Le Président (M. Bernier) : Non, non, c'est...

M. Marceau : Révocation partielle et révocation complète, on dit que... on parle, en fait, du nombre de catégories pour lesquelles l'autorisation est révoquée. Est-ce qu'on peut juste de me faire... de quoi on parle quand on parle de catégories? Catégories de quoi? De produits?

Le Président (M. Bernier) : Oui, M. Boivin.

M. Boivin (Richard) : De catégories d'assurances, donc assurance de dommages, assurance de personnes. Donc, ça peut être de l'assurance de personnes individuelle, collective, de l'assurance de dommages automobile, habitation. Donc, dans le règlement d'application, vous allez retrouver ces différentes catégories-là.

L'assureur de dommages, par exemple, qui demande une autorisation va la demander pour différentes catégories. Et ces catégories-là, éventuellement, pourraient être abandonnées ou l'autorité pourrait... décide de les suspendre parce qu'elle jugerait que l'assureur n'est plus en mesure d'assumer ses obligations par rapport à ces produits qu'il émet.

Le Président (M. Bernier) : Merci, M. Boivin.

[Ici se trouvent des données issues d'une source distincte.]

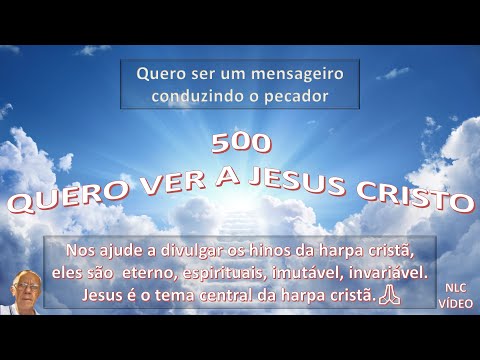 QUERO VER A JESUS CRISTO   HINO 500 DA HARPA CRISTÃ
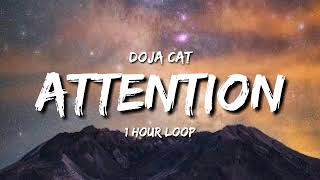 Doja Cat - Attention (1 Hour Loop)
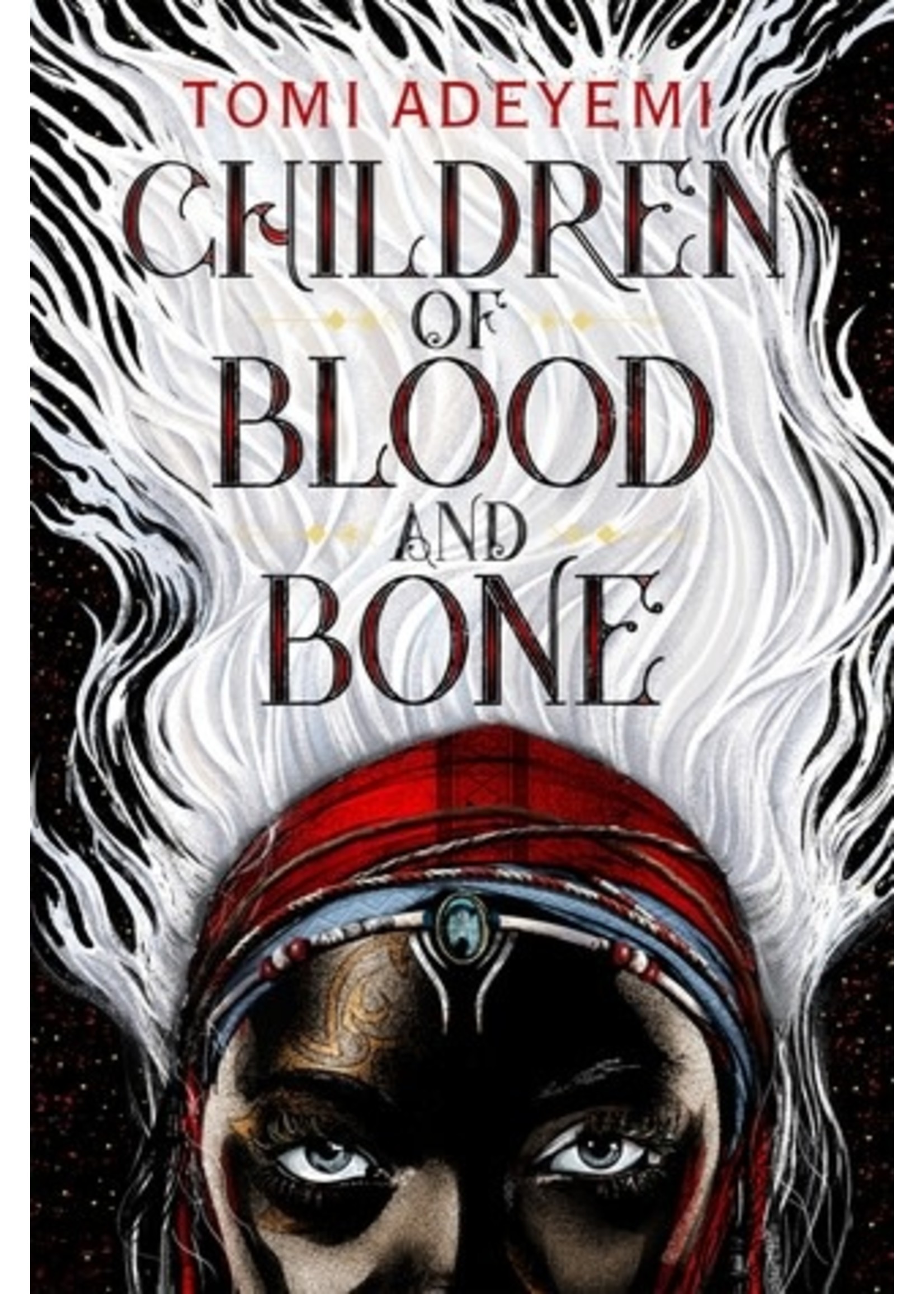 Children of Blood and Bone (Legacy of Orïsha #1) by Tomi Adeyemi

M. Marceau : O.K. Puis là ça, c'est dans le cas d'un assureur. Mais, dans le cas d'autres institutions financières?

M. Boivin (Richard) : Dans le cas des autres institutions financières, on n'a pas de catégories. Donc, la société de fiducie...

M. Marceau : C'est un dépôt ou ce n'est pas un dépôt.

M. Boivin (Richard) : C'est ça. C'est une société de dépôts ou une société de fiducie. Elle est autorisée ou pas à opérer au Québec.

M. Marceau : Puis, pour une coopérative de services financiers, bien, ce sont évidemment dans...

M. Boivin (Richard) : C'est la même chose.

M. Marceau : On se comprend. O.K.

M. Boivin (Richard) : Coopérative de services financiers, de par la Loi sur les coopératives de services financiers, elle n'a pas besoin d'autorisation. Elle va obtenir l'autorisation pour recevoir les dépôts en vertu de la Loi sur la protection des dépôts.

M. Marceau : C'est ça. Mais, si elle a une filiale assurance, bien là, ça va être les mêmes...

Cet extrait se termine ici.